Multiple Natures – Fibrous Tower in Taichung, Taiwan by soma (designed with Rhino and Grasshopper)

March 3rd, 2012 by Sumit Singhal

Article source: soma

A new tower typology
The Taiwan Tower will become an innovative landmark people can identify with in present as well as in future times. Therefore the tower should not state a fixed message, but trigger people to invent their own interpretations of the tower’s meaning. To evoke multiply and diverse associations the tower has to be illusive and complex. It will become a dynamic and contemporary landmark that celebrates diversity.


  • Architect: soma
  • Project Name: Multiple Natures – Fibrous Tower
  • Location: Taichung, Taiwan
  • Client: Taichung City Government
  • Use: Observation Tower, Taichung City Museum, park
  • Competition: Taiwan Tower Competition
  • Software used: Rhino, Grasshopper, Processing and Karamba.


  • Consultants:
    • Local Partner: RLA Architects, Taipei
    • Structural Engineer: BollingerGrohmannSchneider ZT GmbH, Vienna
    • Climate: Transsolar, Stuttgart
    • Lighting: agLicht, Bonn/Germany
    • Landscape: Realgrün, Munich
    • Facades: Emmer Pfenninger, Münchenstein/Switzerland
    • Kinetic Elements: KnippersHelbig, Stuttgart


The fibrous tower emerges out of the interplay of many individual members, forming a synergistic whole and thereby establishing a new vertical typology. The structure is dissolved at the bottom allowing the park landscape to flow freely between the tower legs. They create a non-hierarchical open field that is interpreted as a cell pattern. The cells produce the base pattern for the building volumes, squares and green areas as well as networks of paths. Each tower leg fulfills a particular function: the 4 inner legs contain all circulation like panoramic elevators, fire elevator or emergency stairs.

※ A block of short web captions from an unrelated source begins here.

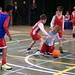 Alevín vs Agustinos '15 • <a style="font-size:0.8em;" href="http://www.flickr.com/photos/97492829@N08/15948329583/" target="_blank">View on Flickr</a>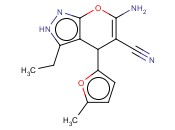 ART-<span class='lighter'>CHEM</span>-BB ACB005472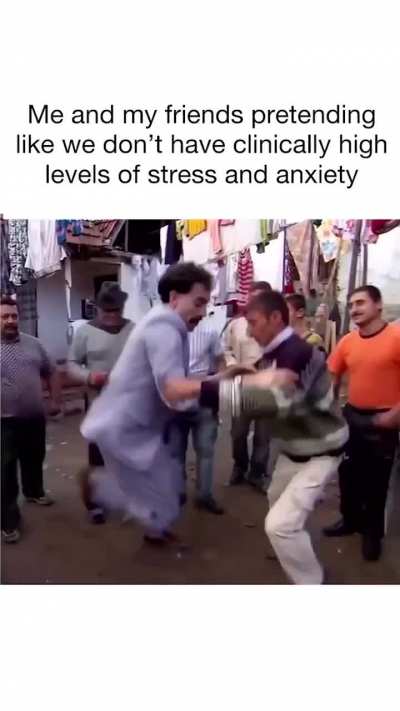 :)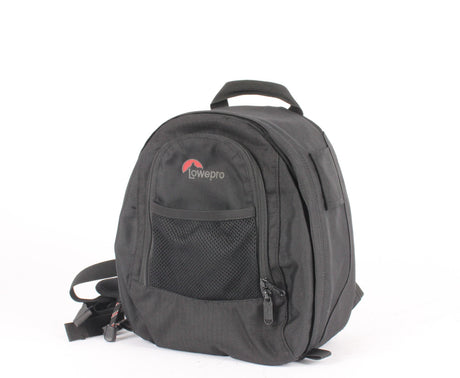 Lowepro Micro Trekker 100 Backpack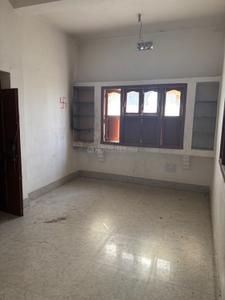 Hall Image of 1300 Sq.ft 3 BHK Apartment / Flat for rent in Shivaji Colony Purnea for Rs. 10000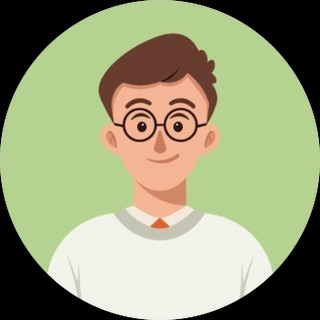 Writer: Matthew Harding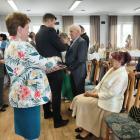 zdjęcie nr 125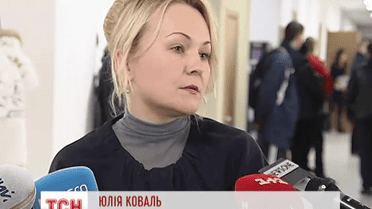 Прокуратура проводит обыск в офисе патрульной полиции Киева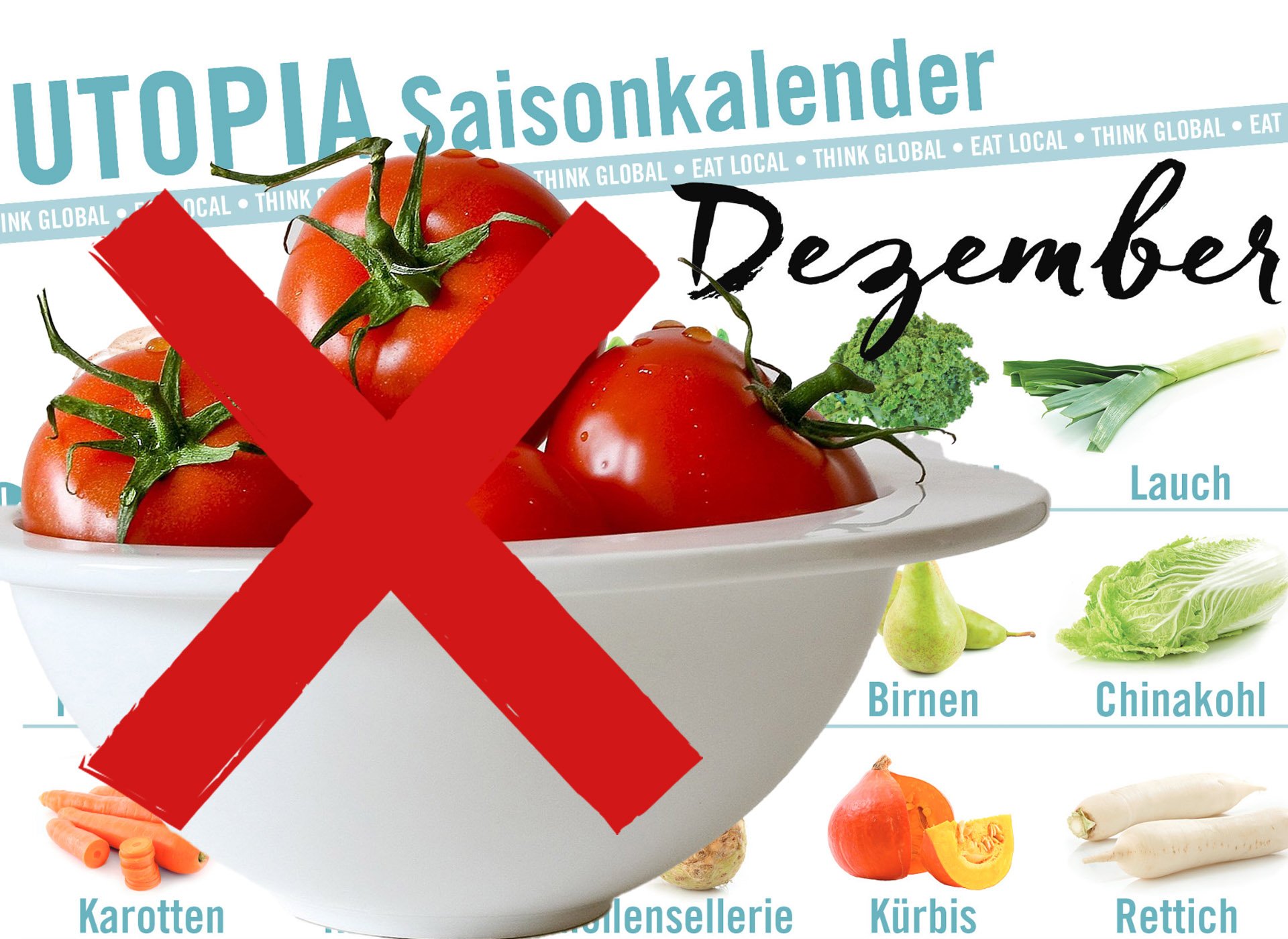Statt-Tomaten-aus-Spanien-Dieses-Gem-se-ist-im-Dezember-frisch-und-regional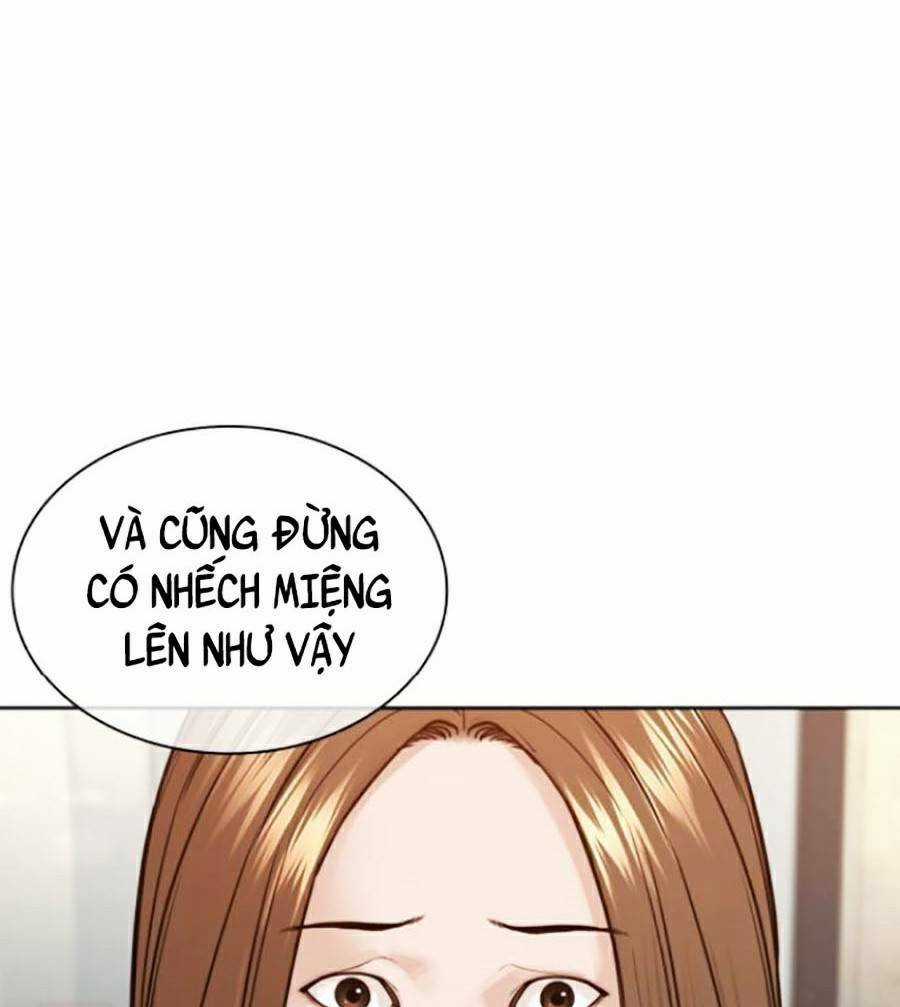 Cách Chiến Thắng Trận Đấu Chapter 165 trang 146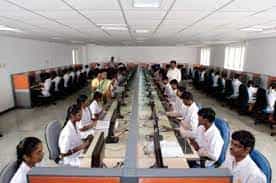 Image for Surya School of Management Studies, Villupuram  in Viluppuram	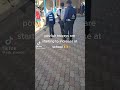 Luh Twizzys At School рџ рџ Ї Fypг Trending Moa Milan Yeat Playboicarti Culture Twizzy Youtube Luh Twizzys At School рџ рџ Ї Fypг Trending Moa Milan Yeat Playboicarti Culture Twizzy Youtube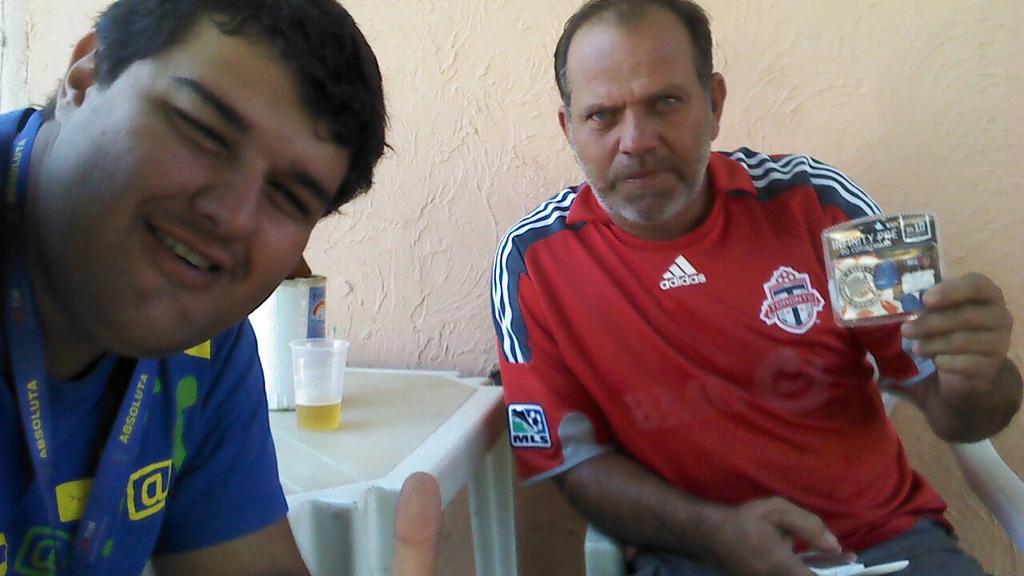 JOAO CARLOS ABSOLUTA tweet media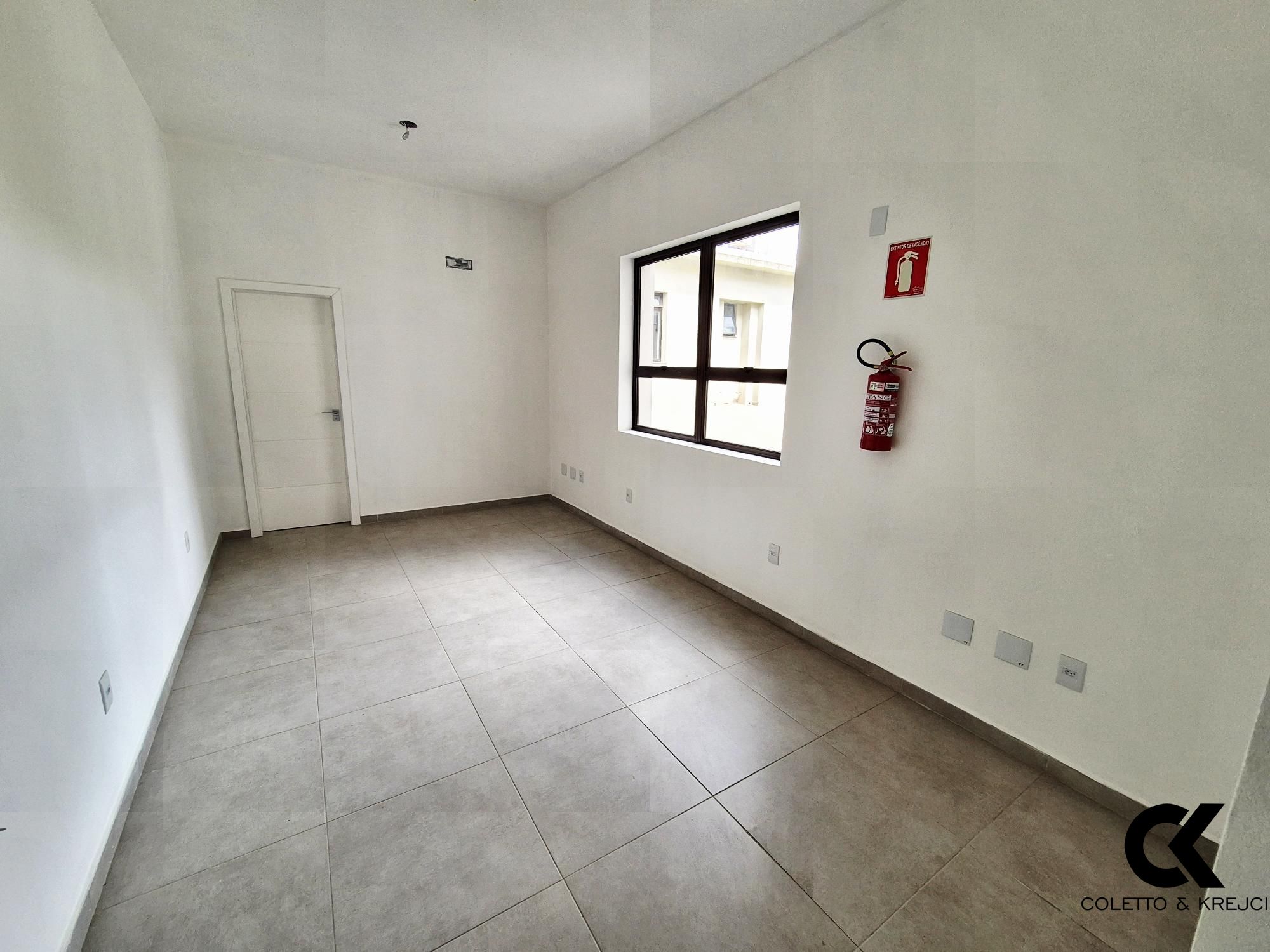 Prédio Inteiro, 739 m² - Foto 12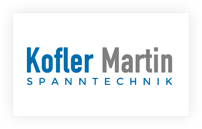 logo-kofler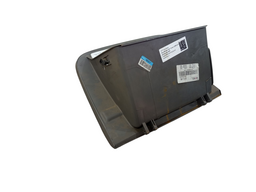 TAMPA PORTA LUVAS PORTA LUVAS TUCSON 2005 2006 A 2017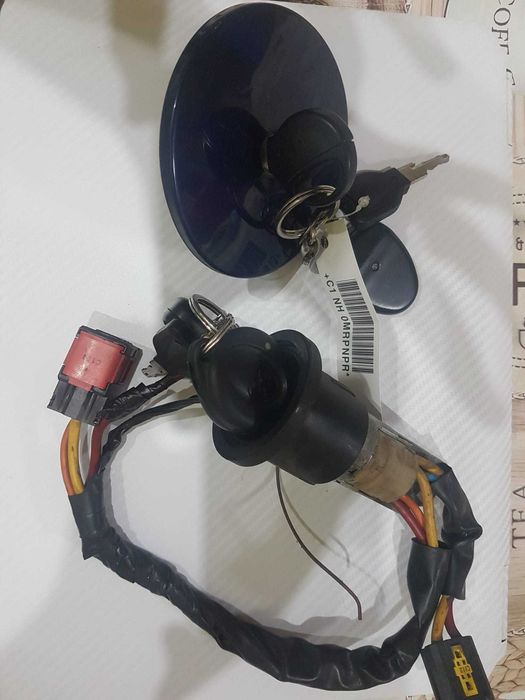 SET GEAMURI si OGLINZI, peuegot 206 oglinzile electrice si incalzite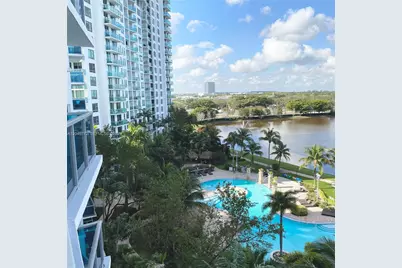 2641 N Flamingo Rd #706N, Sunrise, FL 33323 - Photo 41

The outer legs create spaces for intermediate platforms and observatories by expanding. The complex bundle tower produces diverse images and appearances from various distances to invite visitors to explore the depth of its structure. From far distances the individual members merge into a distinctive figure, at closer view the structure is recognized as a bundle of tubes that again split up in sub-tubes. On the intermediate platforms the detailed structure and the kinetic devices become a spectacular part of the exhibition.


Learning from Nature – Evolution of the tower geometry
The potential of natural processes is used to create an evocative and multilayered tower appearance. Algorithms underlying natural processes are applied in digital models to organize multiple members into one per-formative fibrous structure. The design is evolved in a bottom up approach, using swarm intelligence systems. The geometry of the tower emerges as one possible scenario from a solution space created by interactions among and between individual agents.

The results were overlaid with functional requirements and further developed with the help of evolutionary structural software. Taiwan Tower will be a showcase for future architecture that learns from nature and deploys its underlying principles. At the Eco-laboratories visitors can observe how piezoelectric halms produce energy by movement and transform them into light at night, resembling floating swarms of particles.

The bio-mimetic lamellas adapt to weather conditions by opening and closing and protect the visitors from sun and wind. They are up to 20 meter high, but move in an almost weightless way, triggered by minimal energy and inspired by natural opening mechanisms of flowers. The tower itself becomes a fully integrated part of the exhibition; it displays how the responsible use of natural resources can lead to architectural innovation and investigation that speaks to peoples’ imagination and emotions.


Tower of Innovation – Zero Carbon complex
Taiwan Tower will become a sustainable icon displaying cutting edge technologies and innovations. The “zero carbon” tower will be the world’s largest vertical absorber that functions as a self-sufficient system. Combined with the museum it will be a visionary ecological building ensemble. Furthermore the tower turns invisible energy processes into a spatial experience and becomes an architectural statement: the need of reduction of energy consumption leads to architectural and spatial innovation. 100% of energy supply is covered by renewable energy generation on site.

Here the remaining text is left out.